How are you losing them, meaning are the nail heads wearing through and pulling out from the bottom of the shoes? If so, you could add borium dots to the toe and heel to keep the shoe a bit elevated when on asphault/concrete. Small drive in studs would work to the same effect.
http://www.soundhorse.com/images/series3-hunter9.jpg

Careful, some folks confuse borium with drilltex which is chunky and usually gold in color. That stuff would be more traction than you need and is usually reserved for driving horses.

If the whole shoe is loosening over time, clips help take some of the force off of the nails.

There’s also a fine line between leaving too robust of a clinch and risking pulling part of the hoof away if the shoe gets stepped on and leaving so little that there isn’t much grip and the shoe is easily pulled off. You could buy yourself a pair of clinchers and tighten up the clinches after they start looking loose. It might buy you another week but usually not much more.

If the shoe is getting stepped off, some things that help are shortening the breakover of the front feet by setting the shoe back a bit and backing up the toe. This gets the front feet off the ground faster, hopefully before a hind can grab it. This is a bit extreme and it’s a flex shoe but it does demonstrate the principle:
http://3.bp.blogspot.com/-eL7RiwWSP7o/U1O0QWtgt7I/AAAAAAAACZo/3WEDsV-a76o/s1600/IMG_3058.JPG

Also, grinding the exposed outer heel branches helps an offending hoof that might step on them to slide off more easily. Also leaving less heel exposed which is not great for hoof health but is not as detrimental on a short schedule.
Ground down shoe: http://www.horsekeeping.com/images/Klimesh-underrun.jpg

And then there’s bell boots.

Not a hunt person, but endurance rider who trains on super rocky ground with a good bit of pavement thrown in. I go the borium route with my girl- I’ve tried the nails with the borium heads but they were a little too much traction for me.

Find a good cowboy shoer.

If you can’t do that, then I third the borium.
You could do bells, but I know our horses tore up bells and boots while trying to hunt.

I have side clips on all four.

When only riding at home I tend to lose shoes by being stepped off at around 5 weeks, even though he is wearing bell boots.
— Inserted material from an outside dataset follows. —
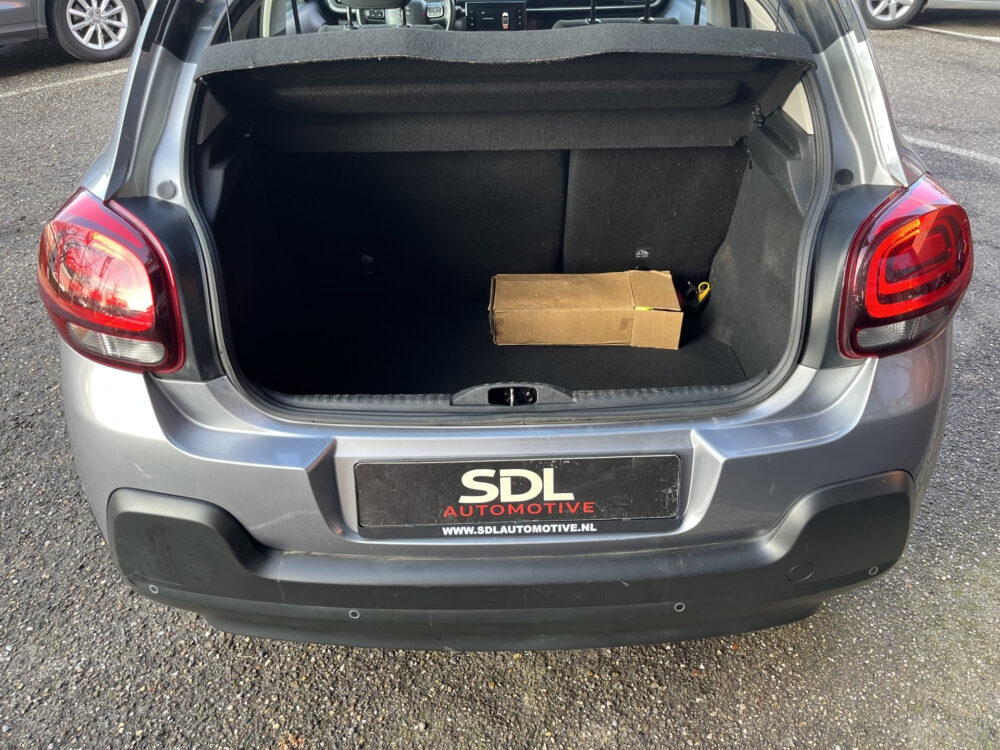 Citroën C3 1.2 PureTech Shine // DODEHOEK // CAMERA+SENSOREN // CRUISE // CLIMA // NAVI+CARPLAY // AFN. TREKHAAK // 7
I did just find some thicker at the bottom bell boots that weren’t outrageously expensive so I’m hoping that will solve that problem. We already rock the toe and grind the shoe to make it less likely to get grabbed.

The clinches do tend to come loose mid way through the cycle riding at home or more intense riding away. I tighten them when I notice them.

My farrier is very careful about how he nails so that if they should pull a shoe you won’t lose much hoof.

On one hoof, I’m not sure how the nail came out, but it is completely missing. On the other hind, he came up lame while I was riding during the hunt trail ride. I got off and checked the shoe. The clinch had come undone and that part of the nail was between the shoe and hoof. I was able to wiggle it free with much work on my part and pull it out. He was sound after.

I was wondering about the borium tipped nails. Does it really provide more traction than borium on the shoe? I was thinking the opposite.

My first hunt horse went with front shoes only. I never had an issue with him losing shoes (same farrier). The previous hunt pony went barefoot!

What if I used the drilled in road studs? Would that help to protect the nail heads when on roads.

Some parts of our hunt country have quite a bit of roads. I am trying to gear up for the up coming season!!